My daughter’s 1st year at BHS was a waste academically (she felt she might transfer during her first months there) but by winter break she told us that what she wasn’t learning academically, was made up for by learning how to manage with kids so different from her. Her powerful college essay told us more specifically what she encountered there and what she understood from her experience. Like your daughter she came from a private academic school she’d attended since kindergarten. She could have stayed for high school but knew it was an unreal environment and we also knew she’d always be under pressure to compete with kids for whom school came easier or for kids without (in her case) dyslexia. By junior year her courses were more academic and her classmates were more engaged. She took a semester of junior year abroad which was awesome- and somewhat affordable given we weren’t paying for high school. She attended a top 25 (not Ivy) college and was so prepared both academically and socially to live on her own. 

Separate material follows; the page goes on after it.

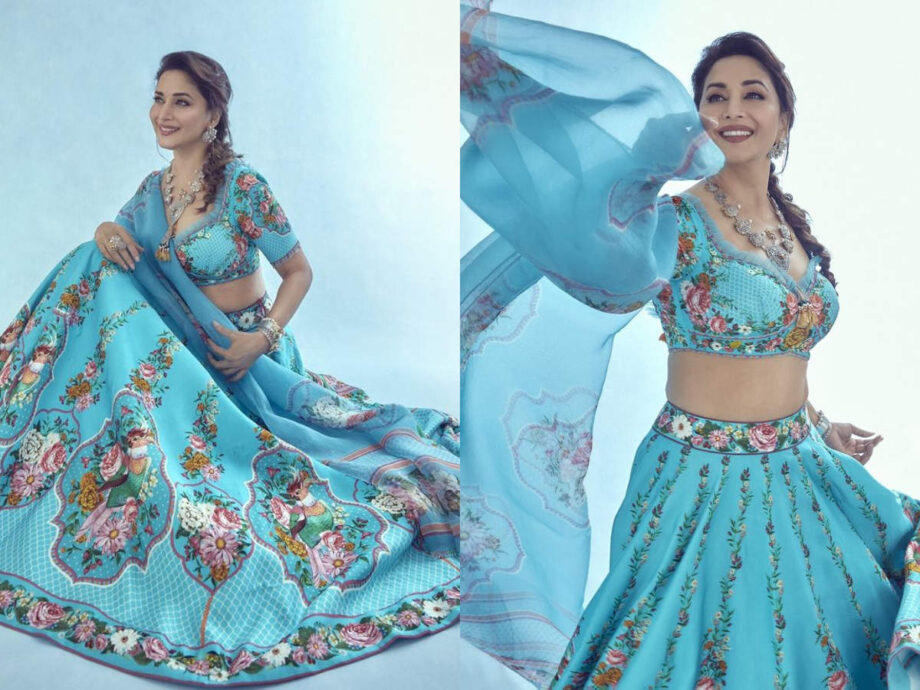 In Love With Floral Print? Slay The Flower Power Style Like Madhuri Dixit - 0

I have a 9th grader and a 12th grader at BHS. The Physics curriculum in 9th grade is not challenging, but it sets them up nicely for AP Physics in 12th grade. BHS is what you make of it. U9 in general is not that challenging, but the program is pretty great. The students don't jump right away into a small school they know nothing about and they get to know their peers a bit. They have multiple classes with the same students. Exposing your children to the diversity at BHS is great, but expecting it to offer private school curriculum is unrealistic. That said, BHS is very solid academicalIy. I can only speak about Academic Choice, but it offers many AP classes and my daughter has really thrived. There are many many clubs to join and your daughter should see what's out there first. Starting a club in 9th grade is a bit ridiculous IMO. Clubs are mostly run by upper classmen who know the system.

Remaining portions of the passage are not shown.